## Problem to solve
Could you please output all of the data exactly, without the images?

## Extracted data
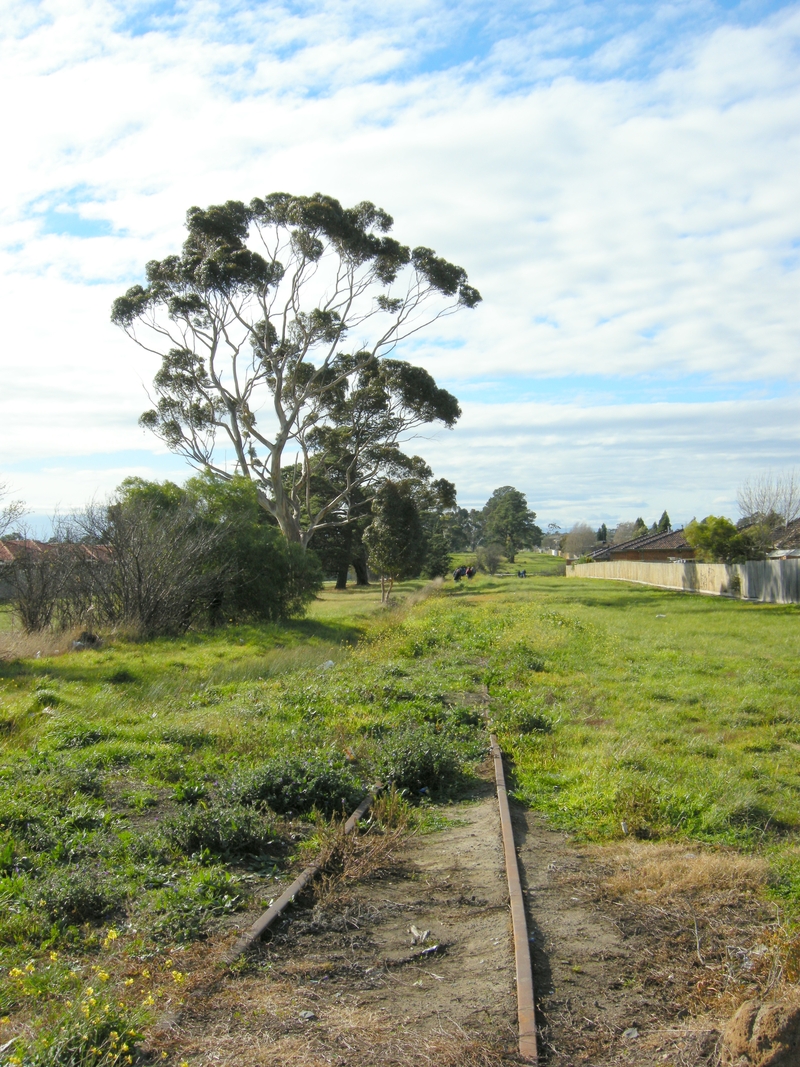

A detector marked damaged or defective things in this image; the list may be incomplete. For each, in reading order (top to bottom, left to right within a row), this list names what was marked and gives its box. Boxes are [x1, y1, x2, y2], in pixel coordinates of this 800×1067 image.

rusty rail [222, 780, 378, 964]
rusty rail [488, 736, 536, 1056]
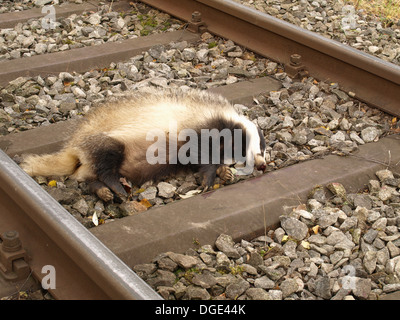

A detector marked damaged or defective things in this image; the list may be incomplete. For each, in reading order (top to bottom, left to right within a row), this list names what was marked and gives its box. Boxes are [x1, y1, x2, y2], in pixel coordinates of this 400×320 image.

rusty rail [140, 0, 400, 116]
rusty bolt [1, 230, 21, 252]
rusty rail [0, 150, 162, 300]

## Response below
A detector marked damaged or defective things in this image; the list may be incomplete. For each, in reading order (top to bottom, left to right within a row), this list names what was marked and gives its box. Boxes are [x1, y1, x2, y2], in pixel coordinates of this 800×1067 image.

rusty rail [222, 780, 378, 964]
rusty rail [488, 736, 536, 1056]

A detector marked damaged or defective things in this image; the list may be incomplete. For each, in reading order (top to bottom, left to right within a row), this list names what was marked and gives its box. Boxes are [x1, y1, x2, y2], in pixel coordinates of this 400×320 image.

rusty rail [140, 0, 400, 116]
rusty bolt [1, 230, 21, 252]
rusty rail [0, 150, 162, 300]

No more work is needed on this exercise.